Every year, like clockwork, all the major marketing publications write the exact same piece of content. It’s called the “20XX Marketing Industry Predictions” list, and—mark my words—everyone on Marketing Twitter™ has shared one by now.
Spoiler alert: This isn’t one of those lists.
Rather than creating a 2021 predictions list based on our unparalleled wisdom (or educated guesstimates) we threw it in reverse and kicked it back to our audience. That’s right: If you answered our recent survey asking marketers to choose their top three most overlooked and most overhyped trends in 2020, this list came from you.
Think of this piece as Marketing Brew’s Audience Choice Awards, but for marketing trends rather than Nickelodeon stars.

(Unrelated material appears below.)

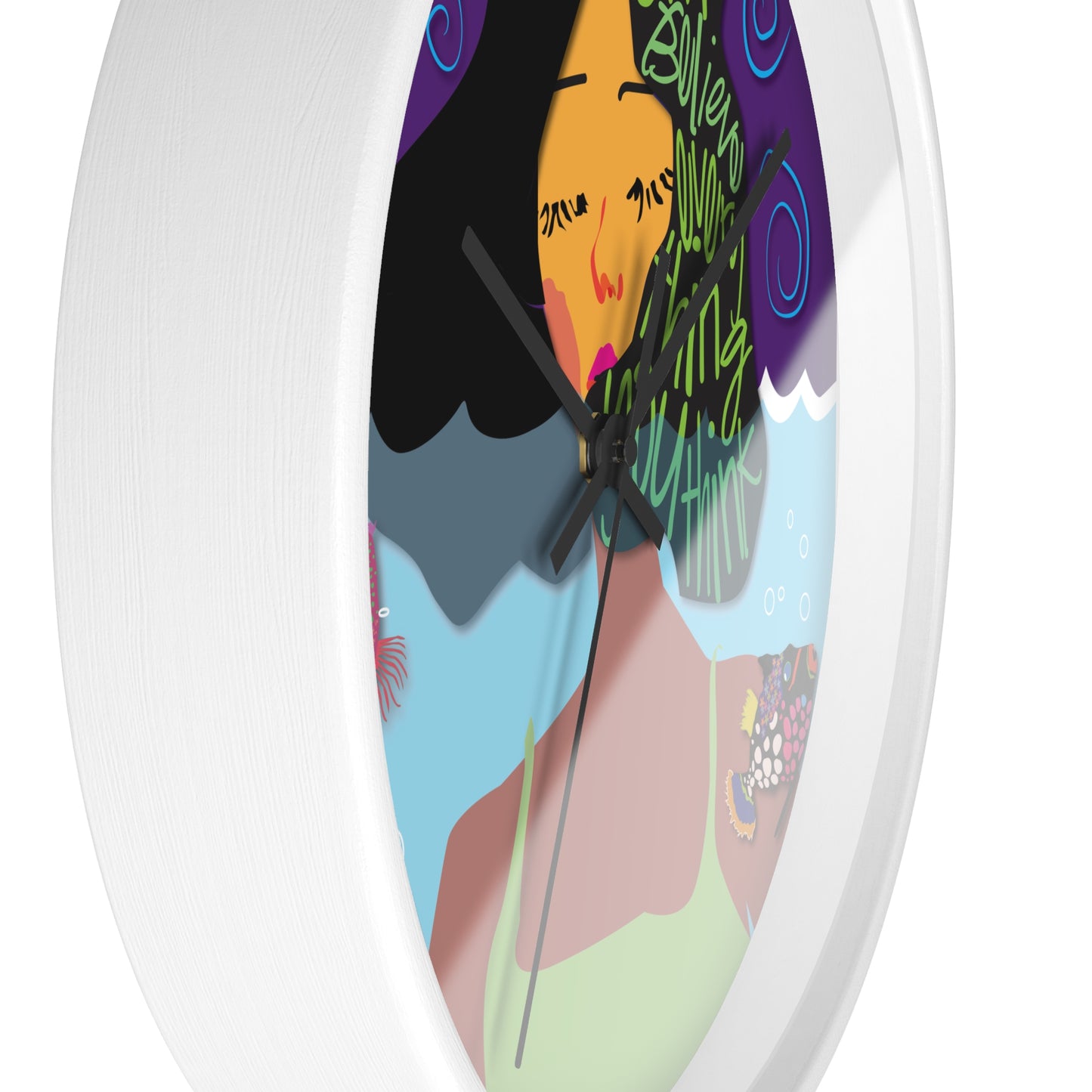 Grow Where You're Planted Wall Clock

Why me? We know we have a smart group of marketing professionals on our hands here, so we figured, who better to weigh in on what industry trends were most overhyped and overlooked in 2020 than nearly 400 of our most engaged readers?

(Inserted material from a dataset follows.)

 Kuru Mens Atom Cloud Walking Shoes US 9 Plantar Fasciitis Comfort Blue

Out of a list of 15 top marketing trends, you all identified the following five as the most overlooked in 2020.
- Micro-influencers gaining prominence
- Death of the third-party cookie
- Content remaining king in 2020
- Brand values taking center stage
- In-housing accelerating
No. 1, No. 2, and No. 5 were by far the most interesting to us—read on to find out why.
No. 1 most overlooked trend: Micro-influencers gaining prominence
Y’all had some feelings about this one. “Micro-influencers gaining prominence” was the only trend to be among the top 5 most overlooked AND most overhyped.
Quick refresher: A micro influencer = a brand partner with 1,000 to 10,000 social media followers. Other common characteristics include specializing in a particular nicheand high engagement rates, per Hubspot.
It’s not a generational divide: Both execs and your average marketing Joe had strong, mixed feelings about how micro-influencers were treated as a trend, so it’s not simply a difference of position thing—these influencers stir up controversy from the intern to the CMO.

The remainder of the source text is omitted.